= Torah Project =

Annotated and illustrated volume of the Five Books of Moses

The Torah Project is an annotated and illustrated limited edition volume containing the Five Books of Moses. The handcrafted book was created as part of the 2013 project, which was started by book publisher ACC Arte Scritta. It was released in Italy in 2017. Each copy includes a handwritten blessing by Pope Francis and has been presented to multiple world leaders during its launch.

==History==

At the end of 2013, Ricardo De La Fuente and Maria Cecilia Braschi, the founders of ACC Arte Scritta, came up with the idea, at the Guadalajara International Book Fair, to create an illustrated edition of the Torah called 'The Torah Project', which would contain creative, and inspirational artworks of Jewish culture. Mexican Jewish art collector Dan Tartakovsky was the patron of the project, and he recruited the Cuban-American Jewish artist Baruj Salinas to illustrate the book.

==The Torah Project Book==

This book contains the Five Books of Moses, Genesis, Exodus, Leviticus, Numbers and Deuteronomy, in the original Hebrew text. It is a Chumash, a printed edition of the Torah.

It also contains commentaries from personalities in art and biblical studies, which have been translated into four languages — English, Spanish, Italian, and German. Each copy of The Torah Project also includes a handwritten blessing by Pope Francis, which says: “I want to bless all those who have worked in the production of this Torah, which is the word of God, that must unite us in love forever.”

The cover of the Torah Project book represents the city of Jerusalem, and it is made out of wood and pearl. In between the chapters of the Torah, there are 27 lithograph paintings created by noted Jewish artist Baruj Salinas.

The book was printed by Stamperia Santa Chiara in Urbino. This traditional, family-owned business uses massive hand-operated printing presses.

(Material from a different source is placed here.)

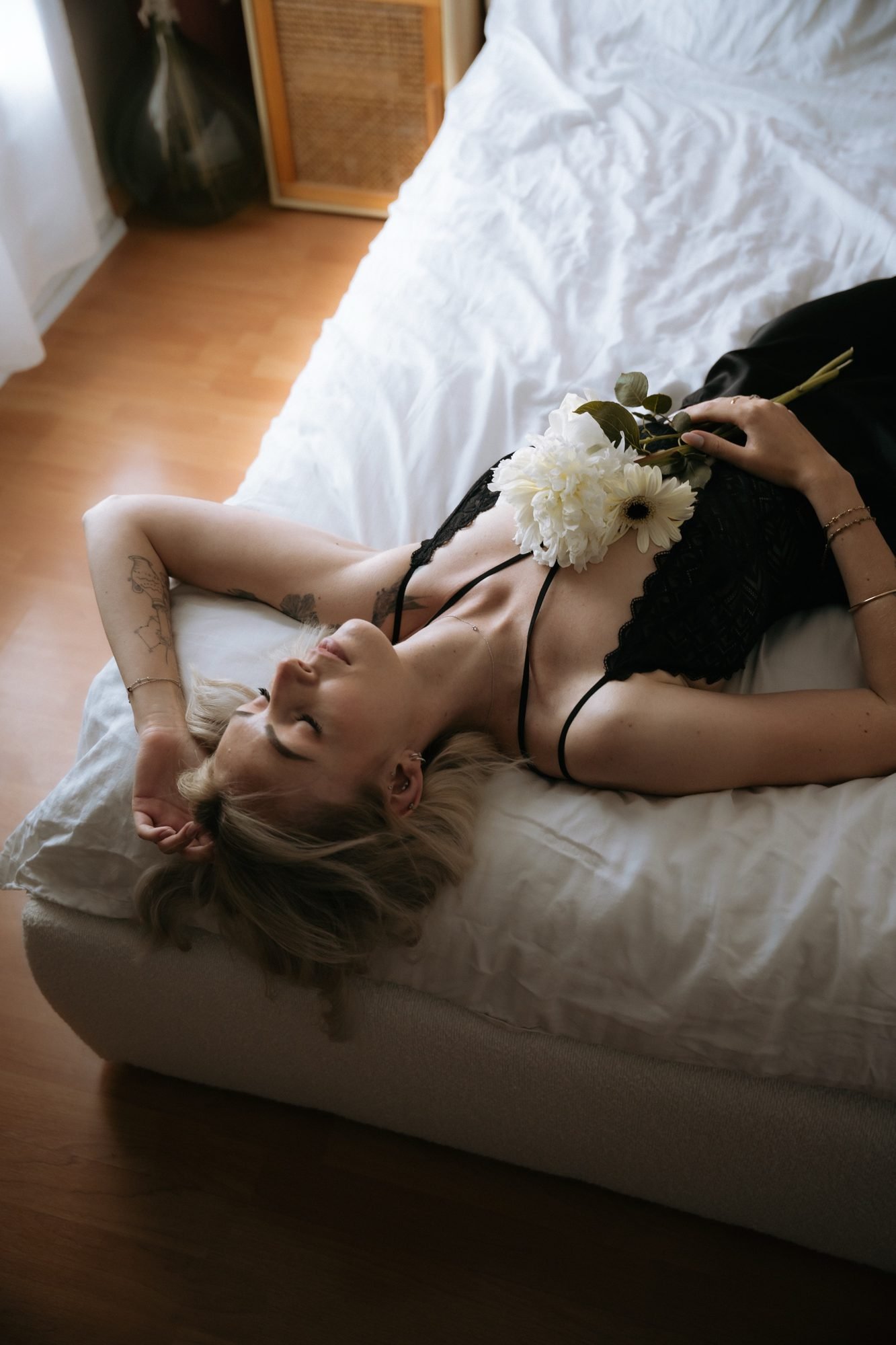 Allongée avec un bouquet blanc posé sur elle, dentelle noire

The carved wood book covers were hand crafted by Gentili of Fossombrone. Book binding was completed by Steri of Corciano. About 500 craftspeople participated in the book's production.

==Art==
Original artwork by Baruj Salinas commissioned for the Torah Project book:

==Presentations==

The book has been published in an edition of 126 copies. They have been presented to museums and universities around the world. Other copies were sold to private collectors.

===Presentation to the Vatican===

On 23 February 2017, the first copy of The Torah Project book was presented to Pope Francis at the Vatican. Also present was Rabbi Abraham Skorka, from Buenos Aires, ACC Arte Scritta, and scholars in biblical studies and art. One of the guests was Adolfo D. Roitman, the curator of the Shrine of the Book, which holds the Dead Sea Scrolls at the Israel Museum in Jerusalem. In addition, many of the people who created the book were present, with their families.

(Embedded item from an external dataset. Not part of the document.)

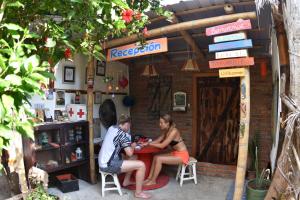 dos personas sentadas en una mesa fuera de una tienda en Viejamar B&B en Puerto López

Skorka pointed out in his speech to the Pope and the papal audience that “This is intended as a small, yet very significant cry to eradicate the hatred and animosities that are so tragically perceived today”. Pope Francis expressed his appreciation for the Torah as a “thoughtful gesture” and that it is “the Lord’s gift, his revelation, his word”. He indicated that the editor's note inside this edition of the Torah indicates the “dialogical approach” that the relations between Catholics and Jews is “a cultural vision of openness, mutual respect, and peace that accords with the spiritual message of the Torah.” He also recognised the efforts and expertise of the craftsmen and artisans, and acknowledged how they added more value to the Torah with colorful illustrations. The Pope said that the gift of this edition of the Torah to the Vatican "is fully embedded" in "fraternal and institutional dialogue between Jews and Christians" that "is expressed not only through words but also in deeds."

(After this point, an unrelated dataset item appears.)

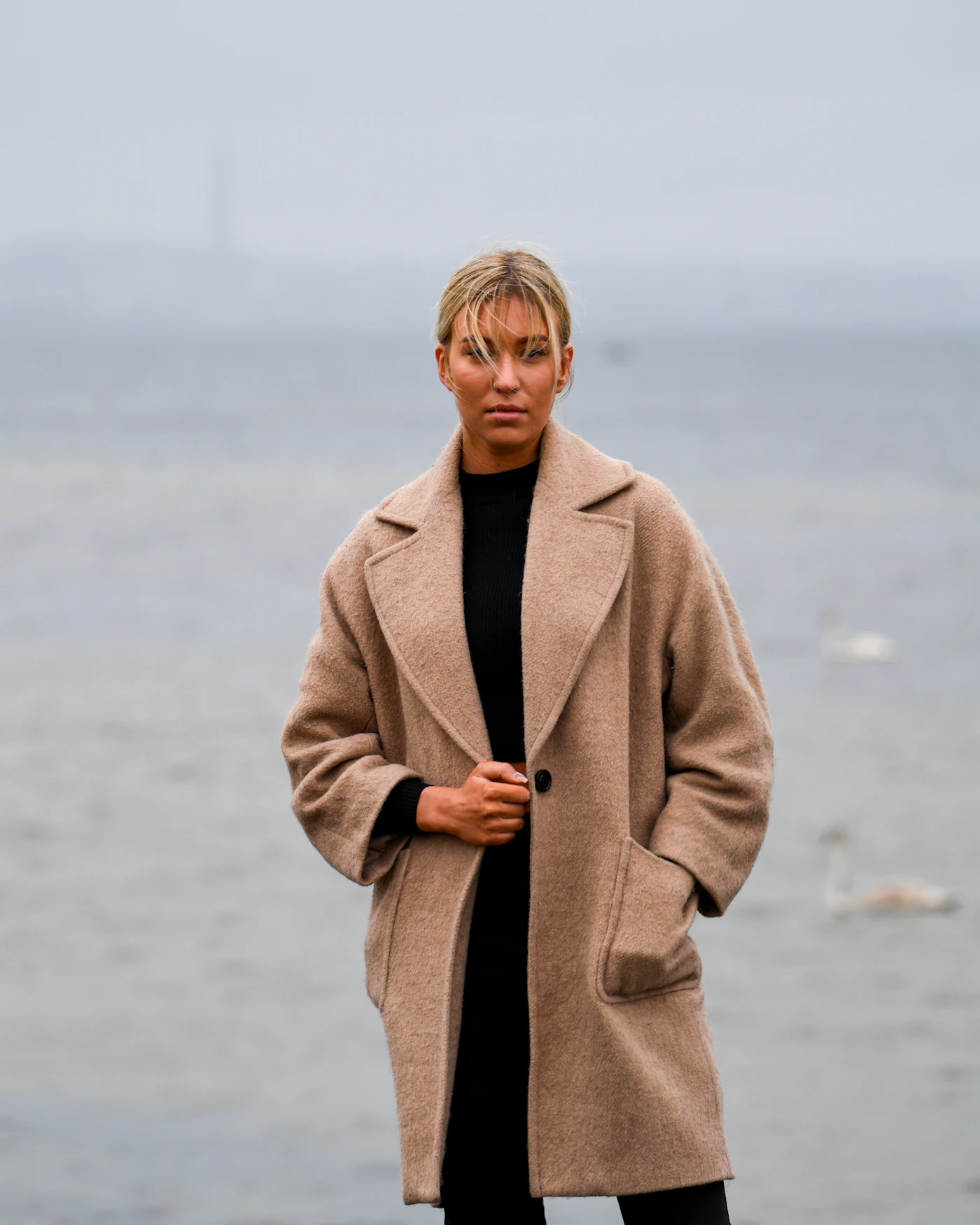 A woman in a tailored camel coat standing by the sea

Pope Francis received the first copy of this edition of the Torah and it will be added to the Vatican Secret Archives. The book was presented to the Pope by a group of Jewish and Christian children.

===Presentations to world leaders===
A copy was presented to Israeli president Reuven Rivlin on 27 April 2017. Copies were also presented to other prominent world leaders, including German Chancellor Angela Merkel as well as the monarchs of Spain and Sweden.